━━━━━ THE DATA ━━━━━

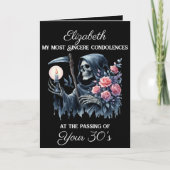 私のおもしろい青春への死神の死40歳の誕生日 カード (正面)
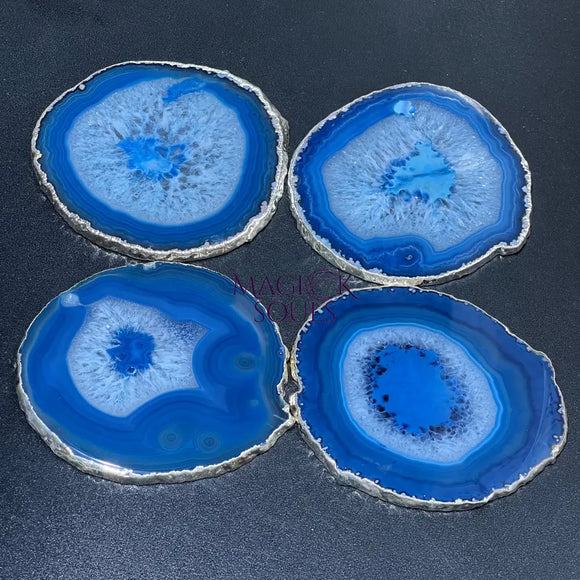 Agate Slice Coaster Silver Plated (4 5 Inches) Grade A Escort Place Cards Wholesale Decor items
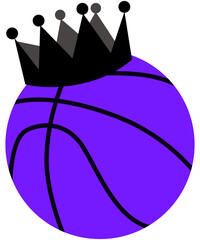Violet basketball ball icon with king crown without background
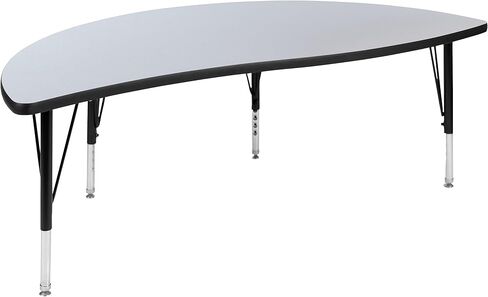 Flash Furniture 60" Half Circle Wave Collaborative Grey Thermal Laminate Activity Table - Height Adjustable Short Legs in Saudi Arabia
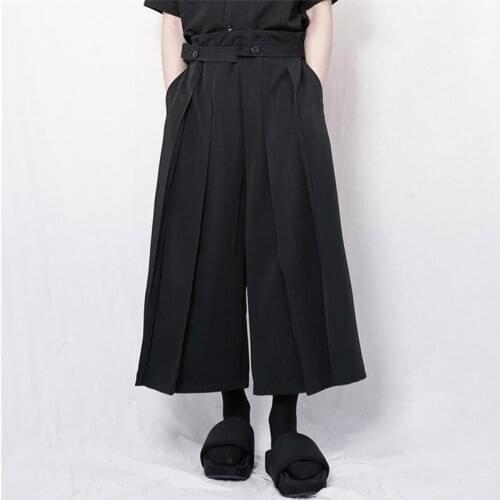 2021 mens casual pants wide leg pants skirt pants pleated pants super loose dark popular nine point pants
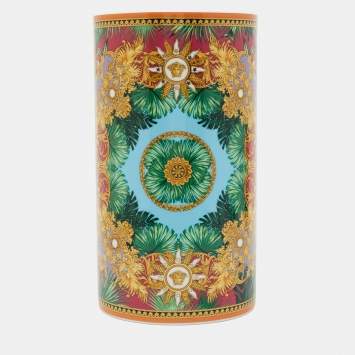 Pre Owned Versace Jungle Animalier Porcelain Vase 30 cm
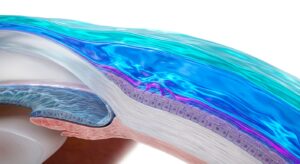 안구건조증의 복합적인 원인을 설명하는 3D 안구 구조 일러스트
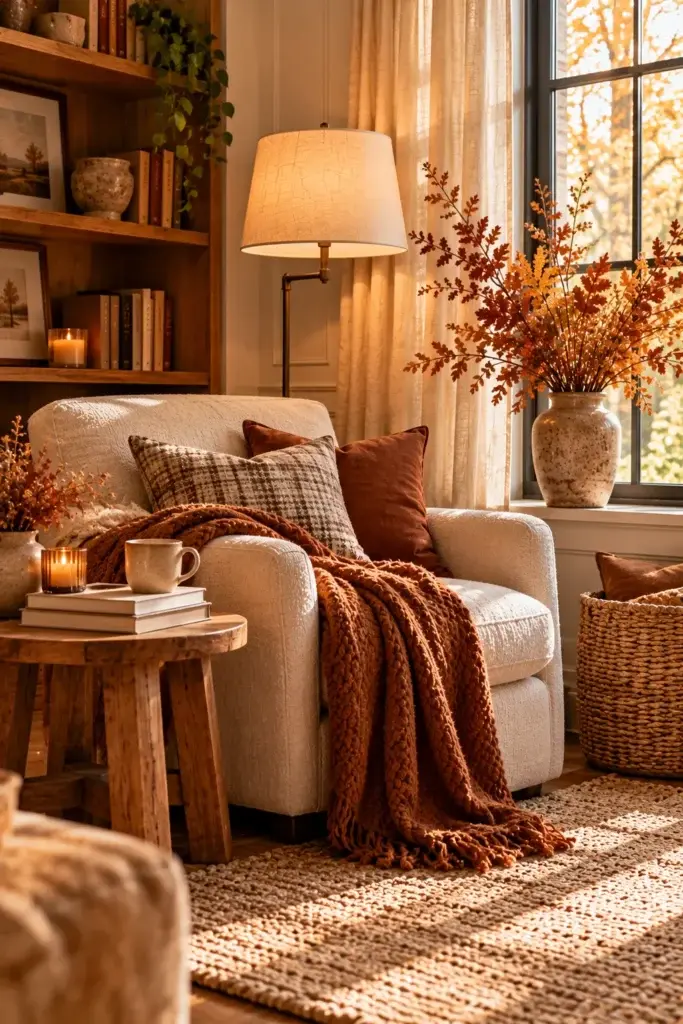 Armchair draped with a rust knit blanket next to a wooden side table, floor lamp, and autumn foliage by a window.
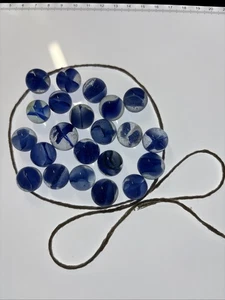 Lot of 22 Vintage Blue MARBLES ~ Attic Find! - Picture 1 of 8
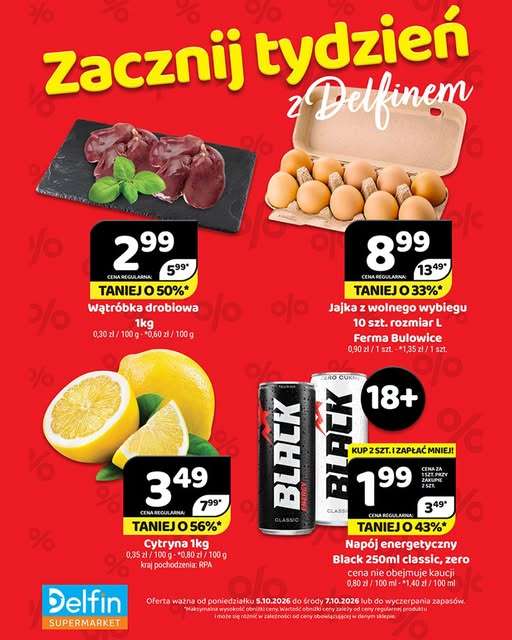 Delfin - gazetka promocyjna Zacznij tydzień z Delfinem od poniedziałku 05.10 do środy 07.10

━━━━━

- _TASK DETAILS_
Although the records contain pictures, only the text should be copied, exactly as it stands.

- _EXERCISE ANSWER_
 私のおもしろい青春への死神の死40歳の誕生日 カード (正面)
 Agate Slice Coaster Silver Plated (4 5 Inches) Grade A Escort Place Cards Wholesale Decor items
Violet basketball ball icon with king crown without background
 Flash Furniture 60" Half Circle Wave Collaborative Grey Thermal Laminate Activity Table - Height Adjustable Short Legs in Saudi Arabia
 2021 mens casual pants wide leg pants skirt pants pleated pants super loose dark popular nine point pants
 Pre Owned Versace Jungle Animalier Porcelain Vase 30 cm
 안구건조증의 복합적인 원인을 설명하는 3D 안구 구조 일러스트
 Armchair draped with a rust knit blanket next to a wooden side table, floor lamp, and autumn foliage by a window.
 Lot of 22 Vintage Blue MARBLES ~ Attic Find! - Picture 1 of 8
 Delfin - gazetka promocyjna Zacznij tydzień z Delfinem od poniedziałku 05.10 do środy 07.10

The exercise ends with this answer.